(Data in this exercise begins)
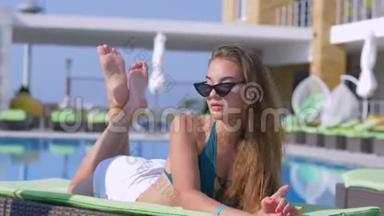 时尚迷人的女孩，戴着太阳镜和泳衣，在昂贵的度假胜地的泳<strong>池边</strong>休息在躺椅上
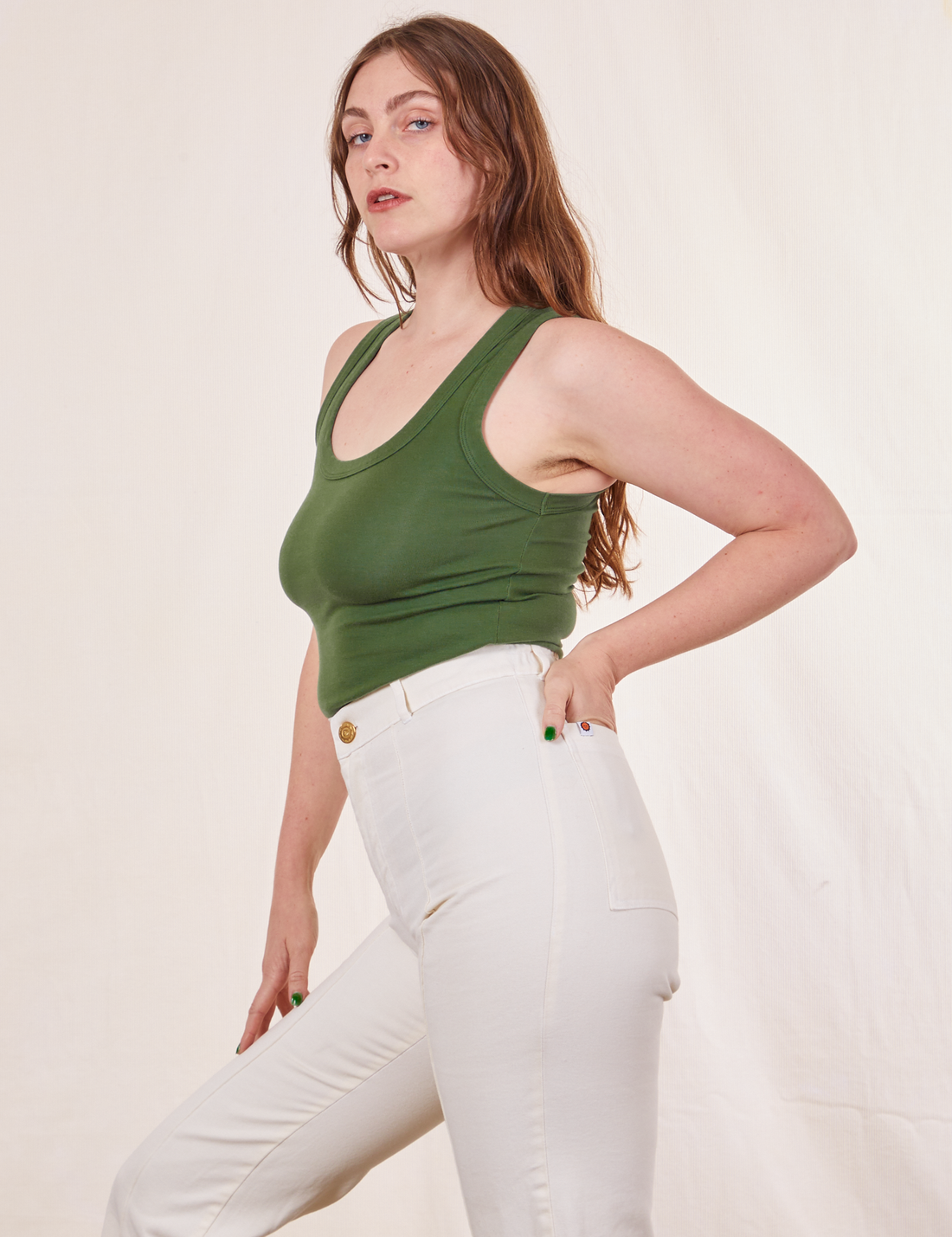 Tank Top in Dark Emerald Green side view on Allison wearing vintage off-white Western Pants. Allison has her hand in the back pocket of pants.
(Data in this exercise ends)
(Data in this exercise begins)
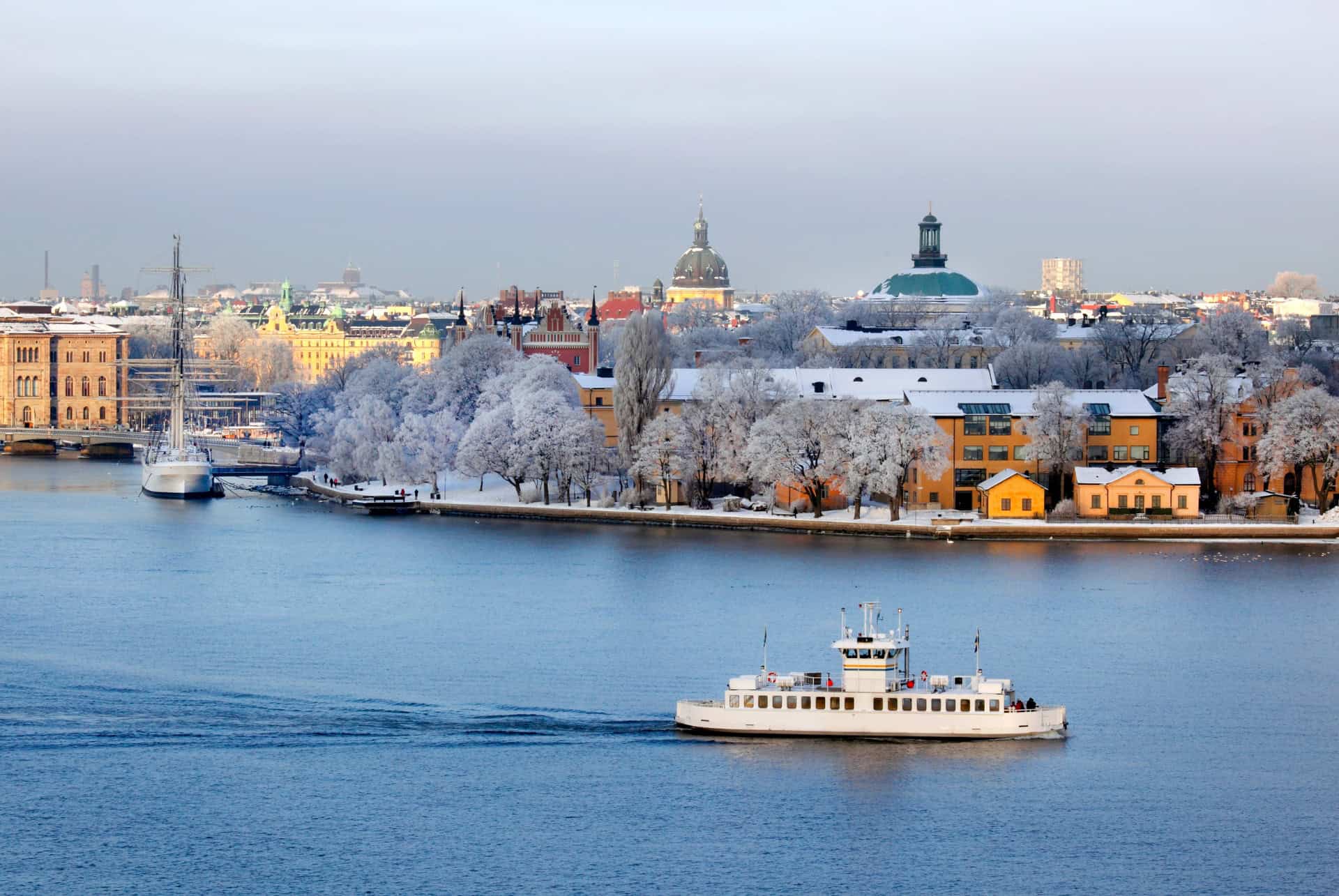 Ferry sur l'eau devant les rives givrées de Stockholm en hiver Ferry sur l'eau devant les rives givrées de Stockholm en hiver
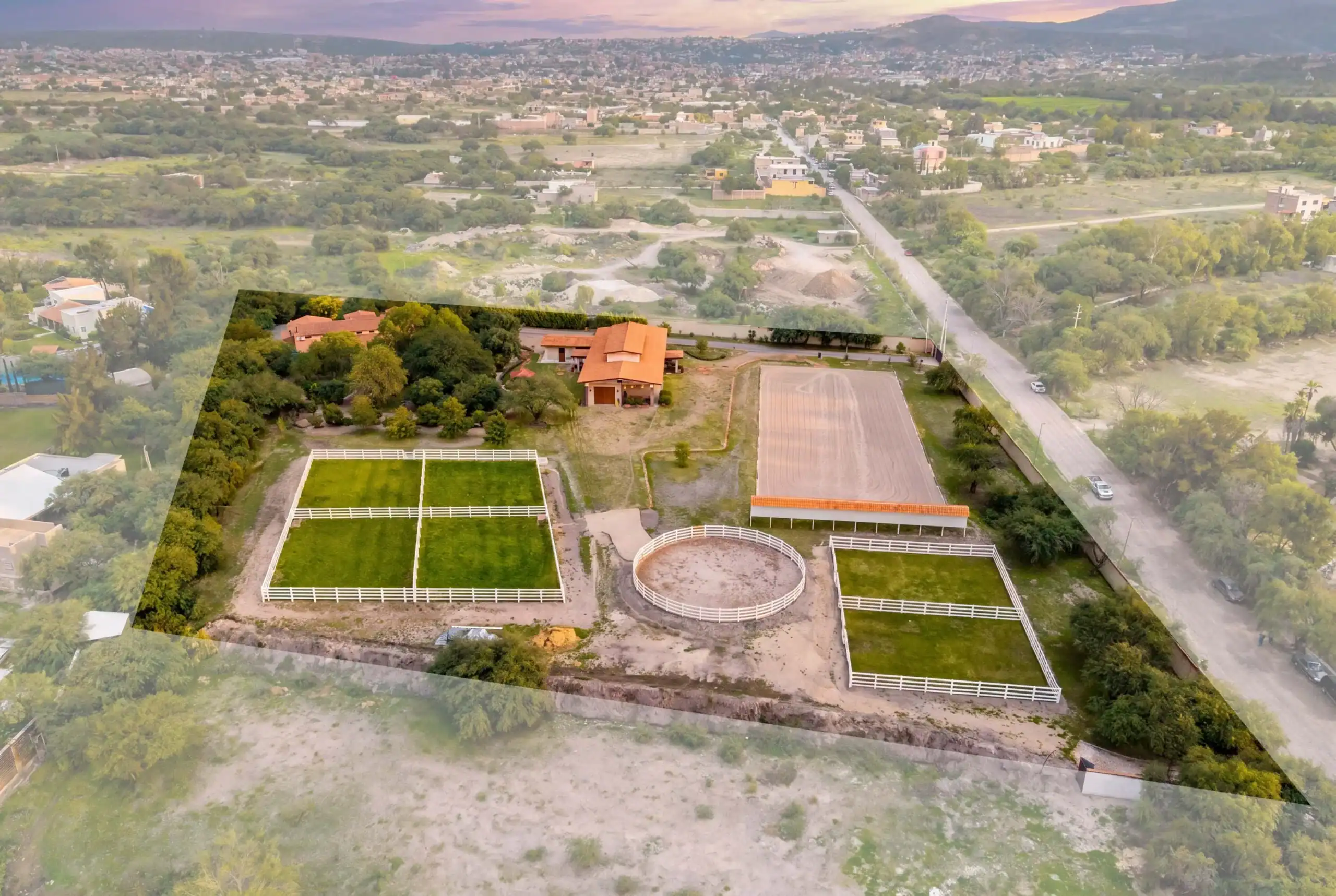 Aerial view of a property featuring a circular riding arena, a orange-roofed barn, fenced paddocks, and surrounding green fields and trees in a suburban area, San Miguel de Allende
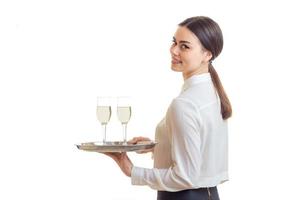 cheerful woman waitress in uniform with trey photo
(Data in this exercise ends)
[Task directions]:
Going by the data above, the answer is exactly the lines from the one holding "时尚迷人的女孩，戴着太阳镜和" to the one holding "Tank Top in", both kept, with the pictures left out.

[Exercise solution]:
 时尚迷人的女孩，戴着太阳镜和泳衣，在昂贵的度假胜地的泳<strong>池边</strong>休息在躺椅上
 Tank Top in Dark Emerald Green side view on Allison wearing vintage off-white Western Pants. Allison has her hand in the back pocket of pants.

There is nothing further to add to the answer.